Bernard Wolfe (1915-1985), dramatist, television writer, and novelist graduated from Yale in 1935 and after service in WWII worked briefly as secretary and bodyguard to Leon Trotsky during the revolutionary's exile in Mexico (he was off-duty at the time Trotsky got plugged) before settling in New York to become a writer.

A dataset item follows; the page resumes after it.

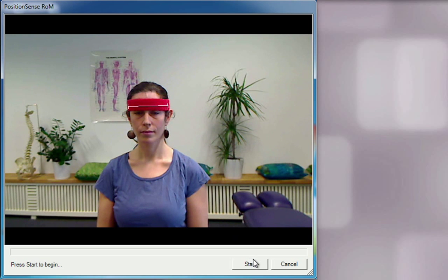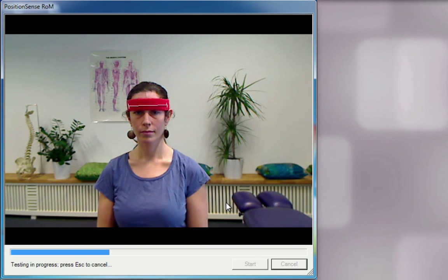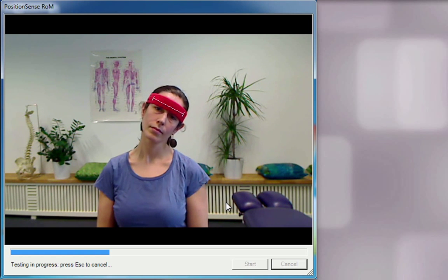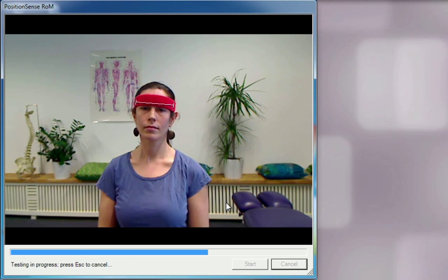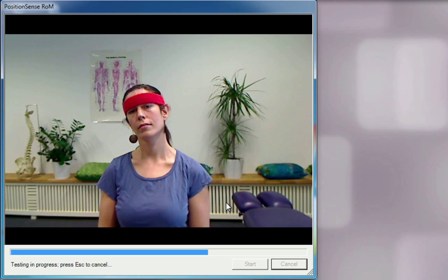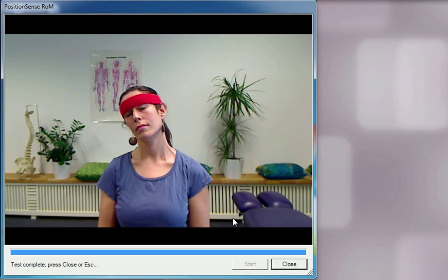To perform the Cervical Range of Motion test, click on New Measurement, then click Start. Follow the verbal instructions. Look straight ahead — click the left mouse button between movements and calibrations. Left ear to left shoulder — click the left mouse button. Right ear to right shoulder — click the left mouse button again. Your test is completed.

Among his many books are the novels
Limbo,
The Late Risers,
In Deep,
The Great Prince Died,
The Magic of Singing,
Logan's Gone and
Lies; the short story collection
Move Up, Dress Up, Drink Up, Burn Up and the influential jazz memoir
Really the Blues with Mezz Mezzrow.
Jonathan Lethem is the author of seven novels including
Fortress of Solitude and
Motherless Brooklyn, which was named Novel of the Year by
Esquire and won the National Book Critics Circle Award and the Salon Book Award, as well as the Macallan Crime Writers Association Gold Dagger. He has also written two short story collections, a novella and a collection of essays, edited
The Vintage Book of Amnesia, guest-edited
The Year's Best Music Writing 2002, and was the founding fiction editor of
Fence magazine. His writings have appeared in the
New Yorker,
Rolling Stone,
McSweeney's and many other periodicals. He lives in Brooklyn, NY.